TASK PROMPT
Leave out the pictures, and copy exactly the lines from the line with "Group of five" through the last line of the data below.

GIVEN DATA
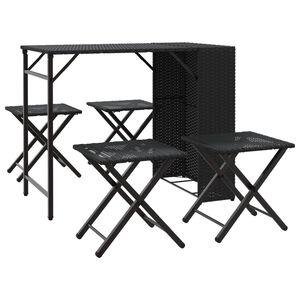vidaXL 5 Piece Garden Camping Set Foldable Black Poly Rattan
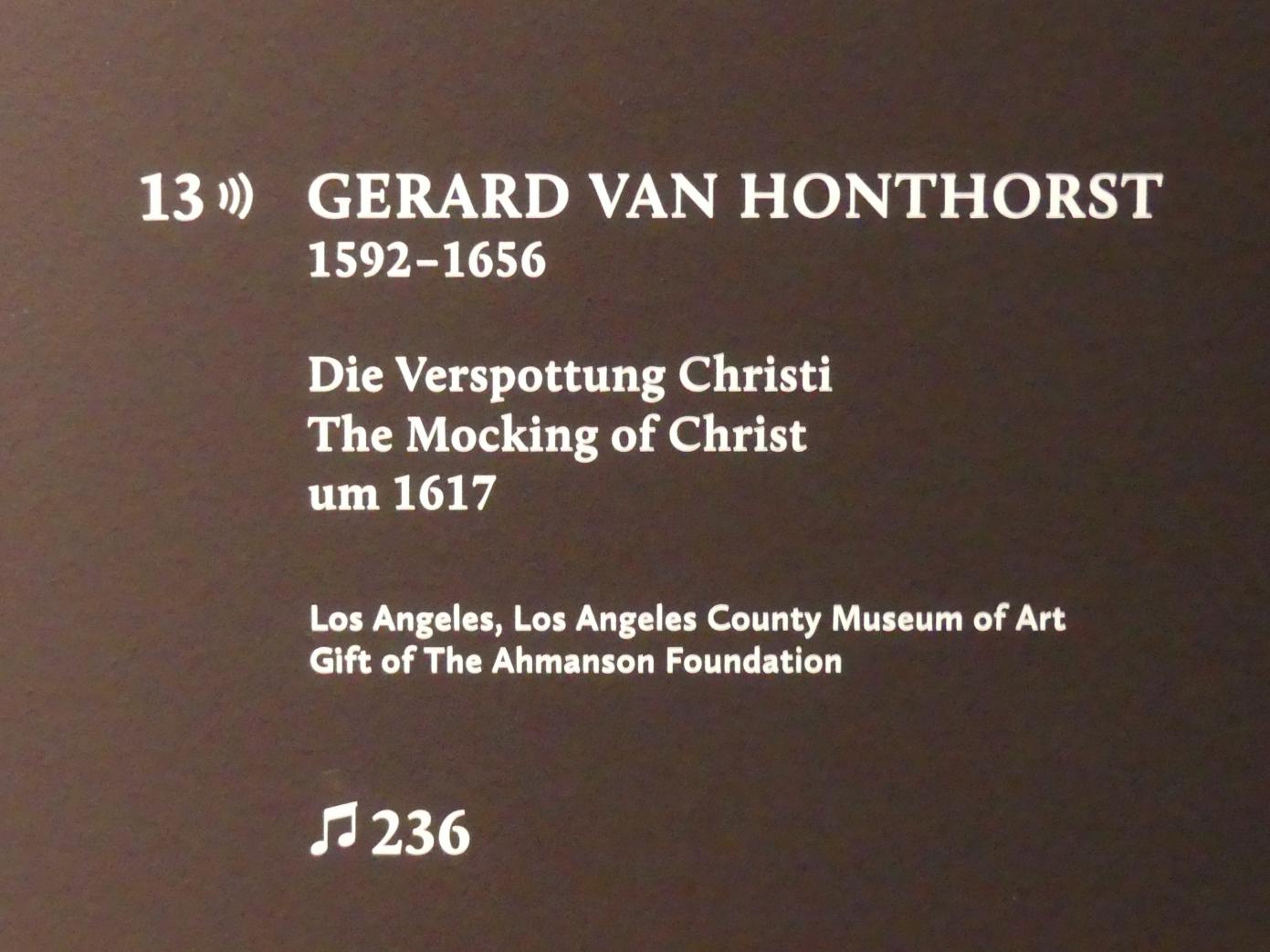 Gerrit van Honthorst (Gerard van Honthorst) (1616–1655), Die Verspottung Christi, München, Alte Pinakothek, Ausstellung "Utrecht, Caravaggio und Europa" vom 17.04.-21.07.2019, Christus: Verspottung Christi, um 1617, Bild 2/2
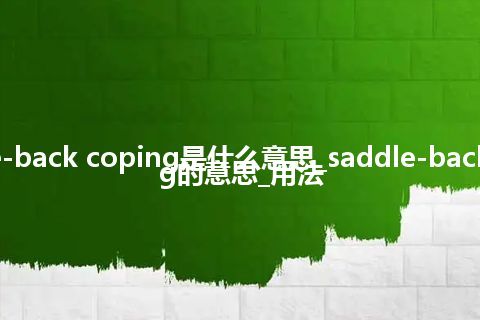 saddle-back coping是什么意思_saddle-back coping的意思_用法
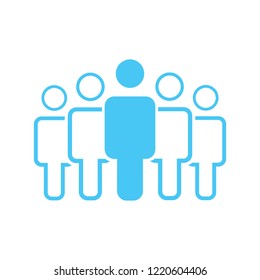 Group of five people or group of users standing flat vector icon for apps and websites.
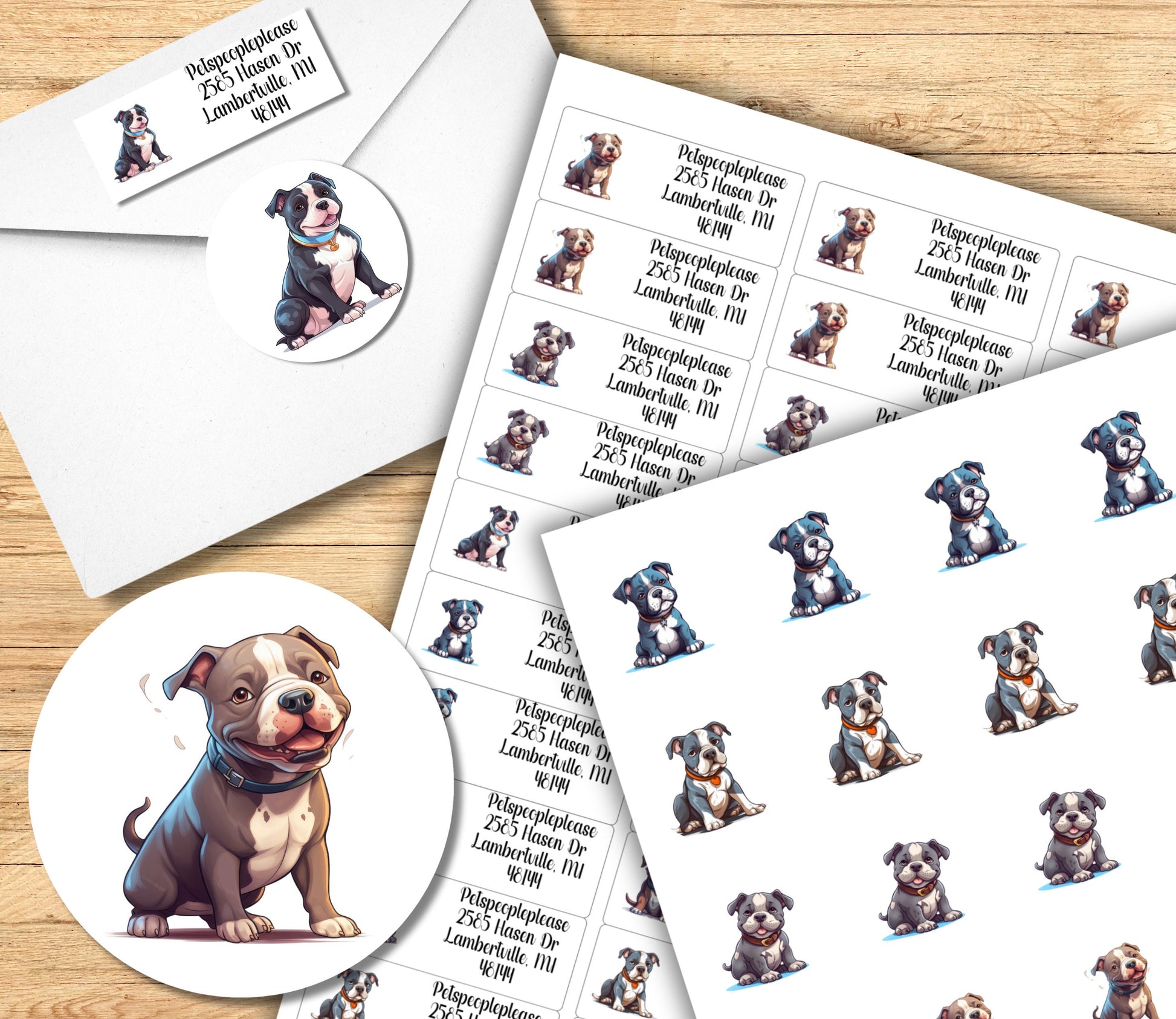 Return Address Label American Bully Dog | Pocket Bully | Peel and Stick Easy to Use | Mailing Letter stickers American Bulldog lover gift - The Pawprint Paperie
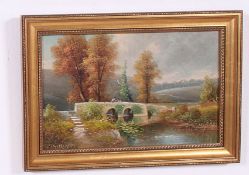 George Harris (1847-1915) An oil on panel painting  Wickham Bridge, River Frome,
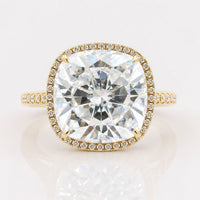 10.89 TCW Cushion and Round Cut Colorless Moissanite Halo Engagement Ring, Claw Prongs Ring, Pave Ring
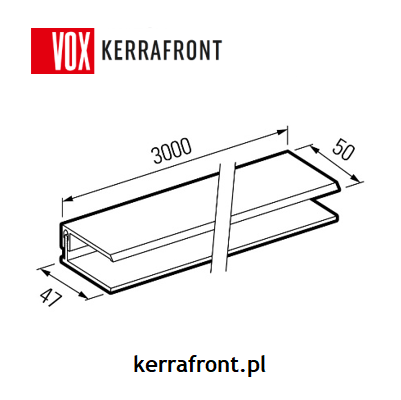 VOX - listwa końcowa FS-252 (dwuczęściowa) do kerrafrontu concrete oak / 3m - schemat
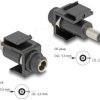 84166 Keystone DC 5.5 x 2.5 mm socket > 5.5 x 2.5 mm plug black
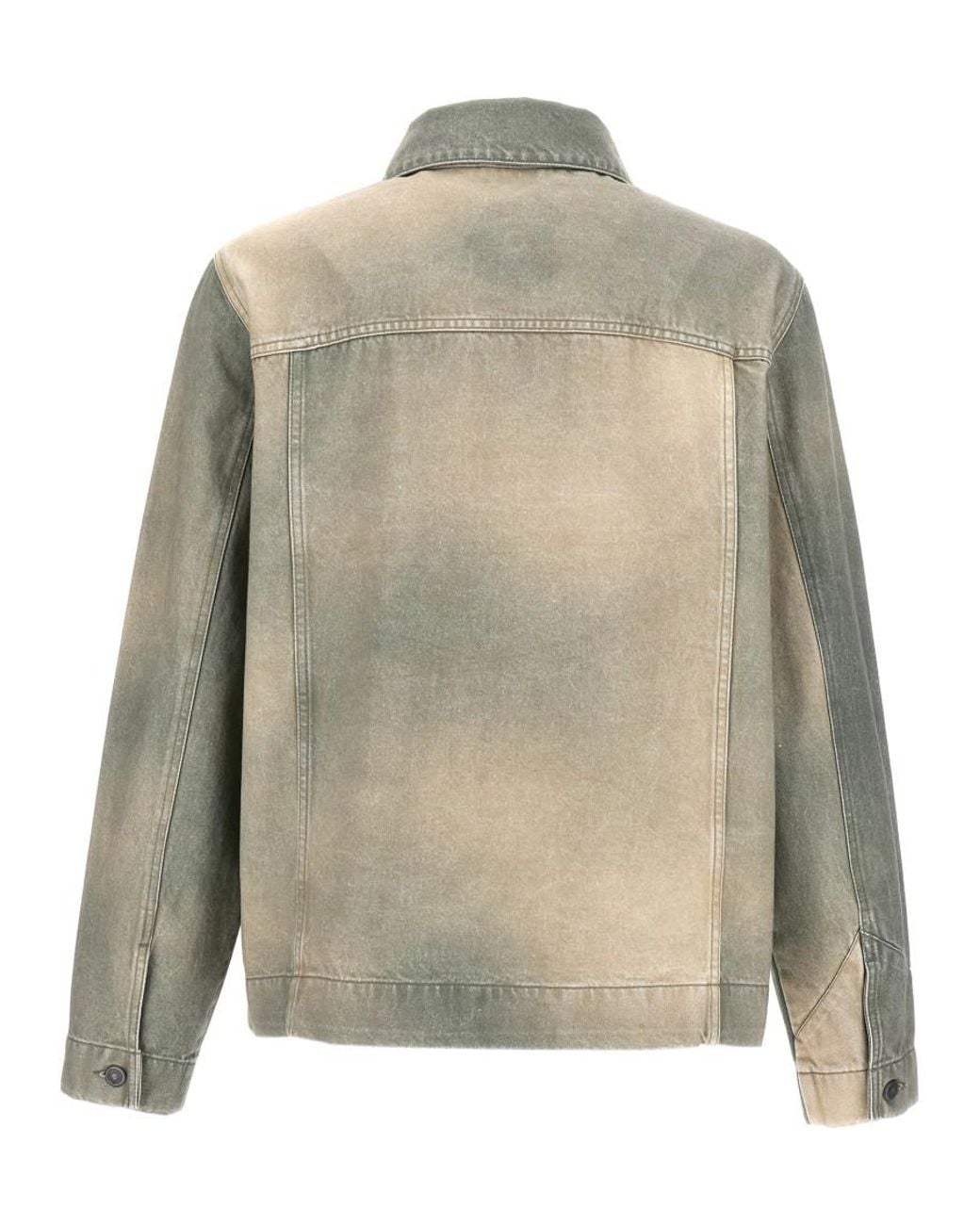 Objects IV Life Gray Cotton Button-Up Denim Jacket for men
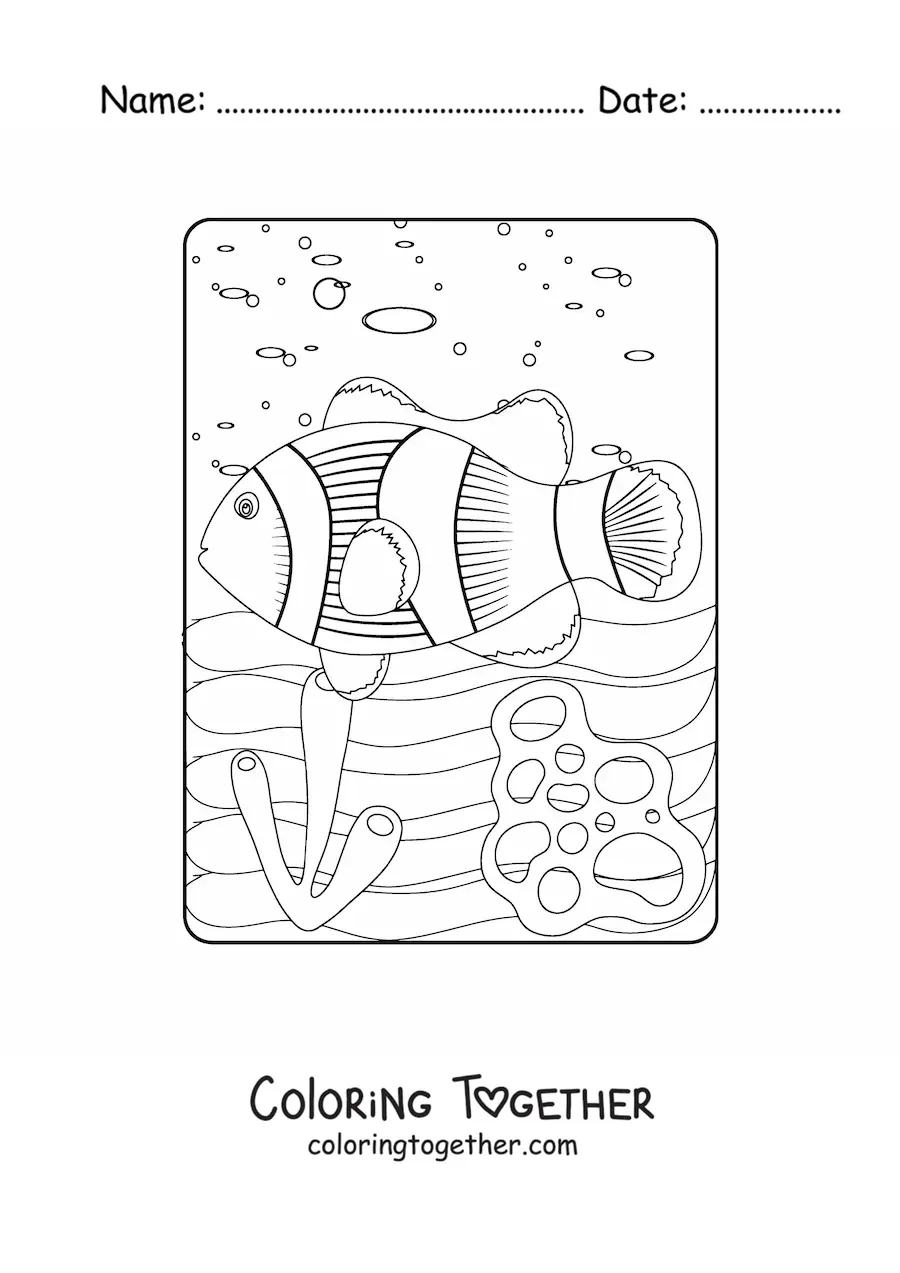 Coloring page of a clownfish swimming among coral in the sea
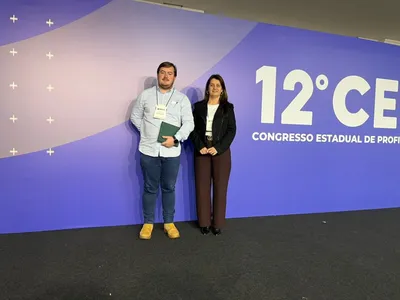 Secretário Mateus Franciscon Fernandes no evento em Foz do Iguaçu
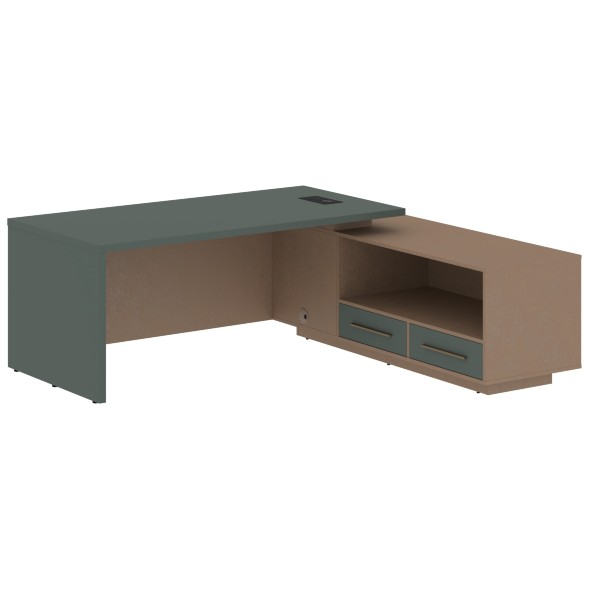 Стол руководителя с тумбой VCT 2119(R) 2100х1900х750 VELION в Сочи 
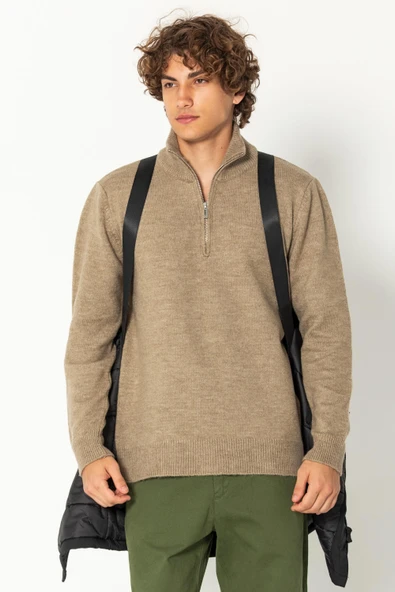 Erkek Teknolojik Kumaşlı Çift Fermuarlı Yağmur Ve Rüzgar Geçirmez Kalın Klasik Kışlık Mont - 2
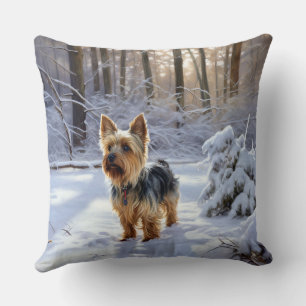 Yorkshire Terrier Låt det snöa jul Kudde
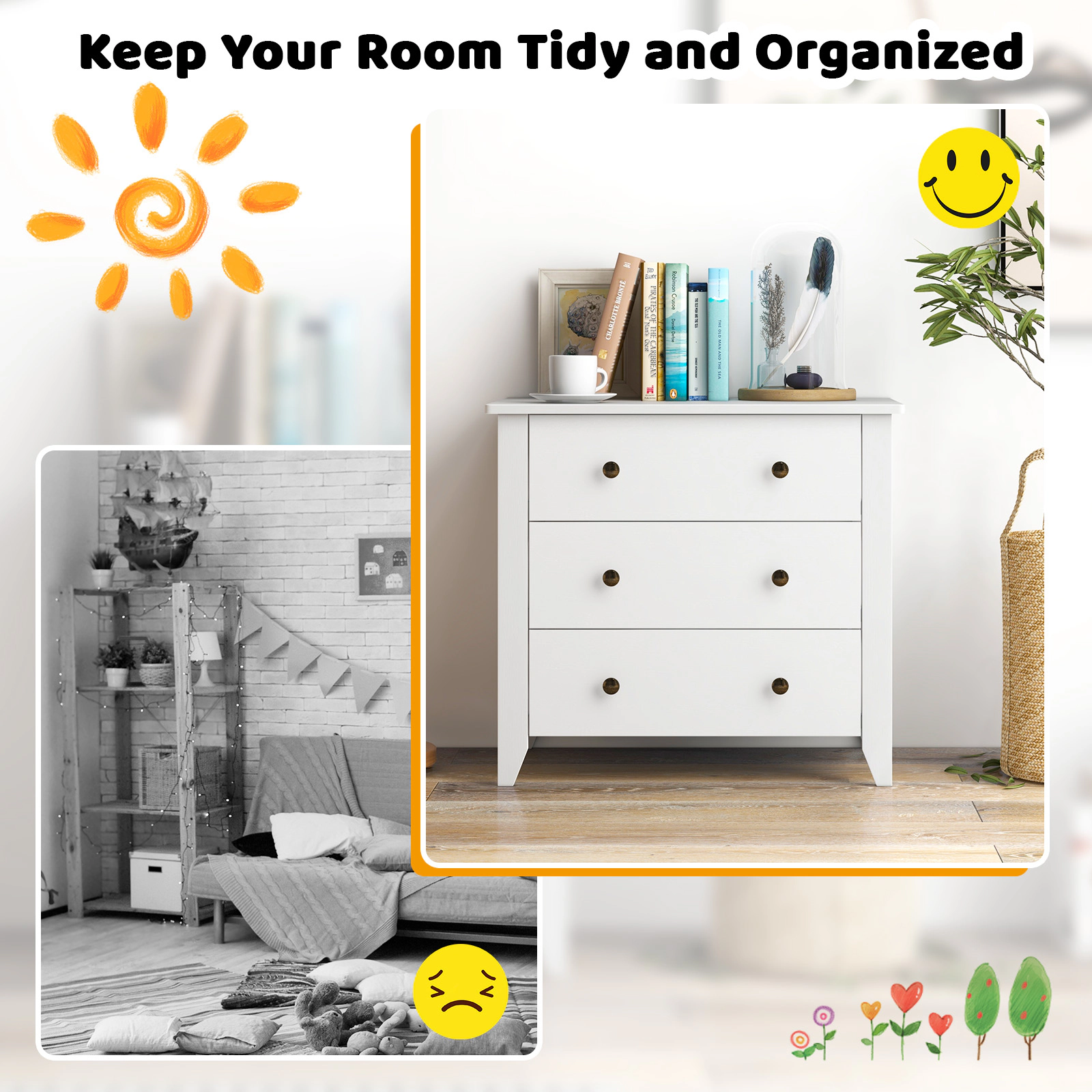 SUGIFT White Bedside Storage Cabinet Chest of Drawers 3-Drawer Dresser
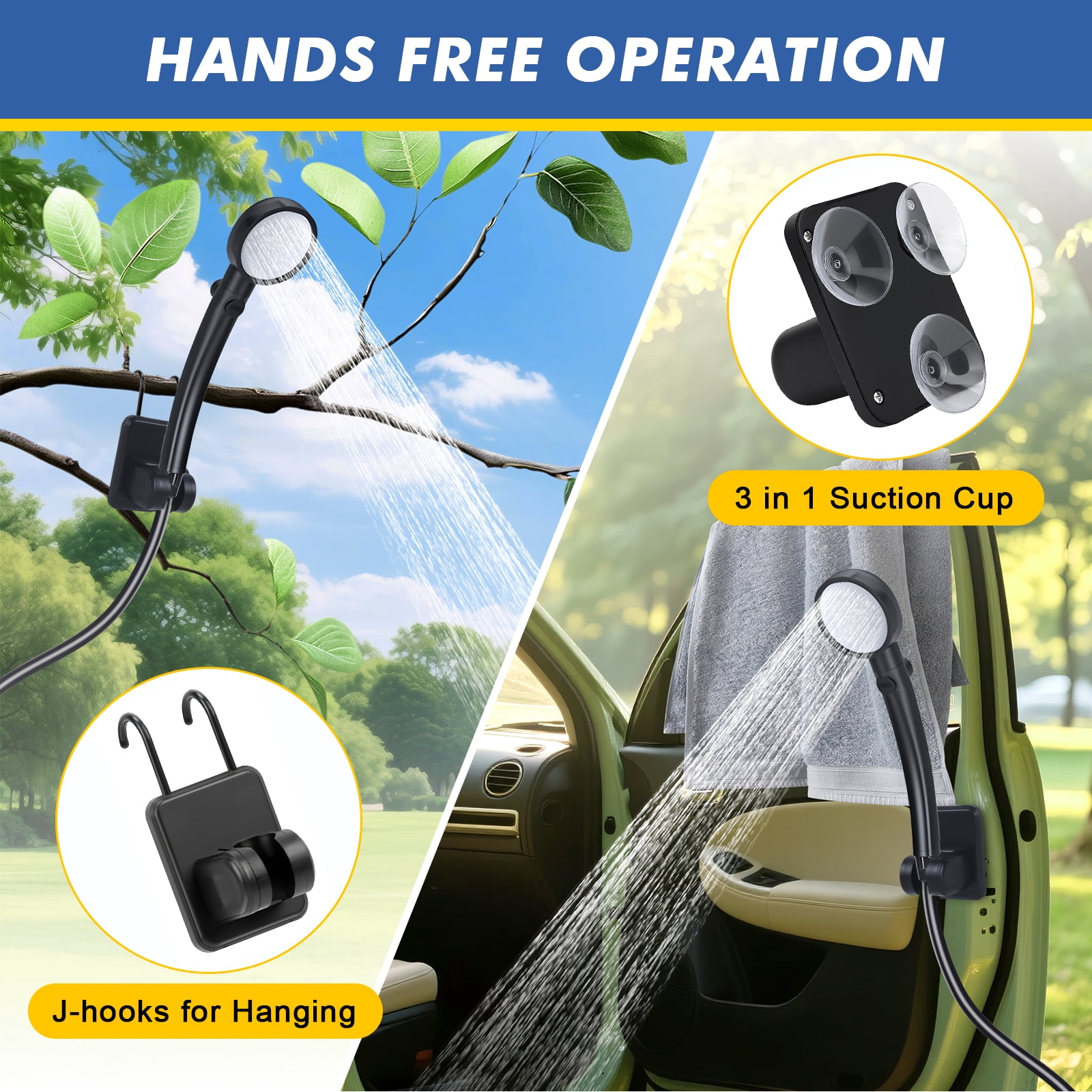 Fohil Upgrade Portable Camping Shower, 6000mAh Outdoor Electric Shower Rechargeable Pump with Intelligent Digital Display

RESULT OF THE EXERCISE
 Group of five people or group of users standing flat vector icon for apps and websites.
 Return Address Label American Bully Dog | Pocket Bully | Peel and Stick Easy to Use | Mailing Letter stickers American Bulldog lover gift - The Pawprint Paperie
 George Harris (1847-1915) An oil on panel painting  Wickham Bridge, River Frome,
 10.89 TCW Cushion and Round Cut Colorless Moissanite Halo Engagement Ring, Claw Prongs Ring, Pave Ring
 VOX - listwa końcowa FS-252 (dwuczęściowa) do kerrafrontu concrete oak / 3m - schemat
 84166 Keystone DC 5.5 x 2.5 mm socket > 5.5 x 2.5 mm plug black
 Objects IV Life Gray Cotton Button-Up Denim Jacket for men
 Coloring page of a clownfish swimming among coral in the sea
 Secretário Mateus Franciscon Fernandes no evento em Foz do Iguaçu
 Стол руководителя с тумбой VCT 2119(R) 2100х1900х750 VELION в Сочи 
 Erkek Teknolojik Kumaşlı Çift Fermuarlı Yağmur Ve Rüzgar Geçirmez Kalın Klasik Kışlık Mont - 2
 Yorkshire Terrier Låt det snöa jul Kudde
 SUGIFT White Bedside Storage Cabinet Chest of Drawers 3-Drawer Dresser
 Fohil Upgrade Portable Camping Shower, 6000mAh Outdoor Electric Shower Rechargeable Pump with Intelligent Digital Display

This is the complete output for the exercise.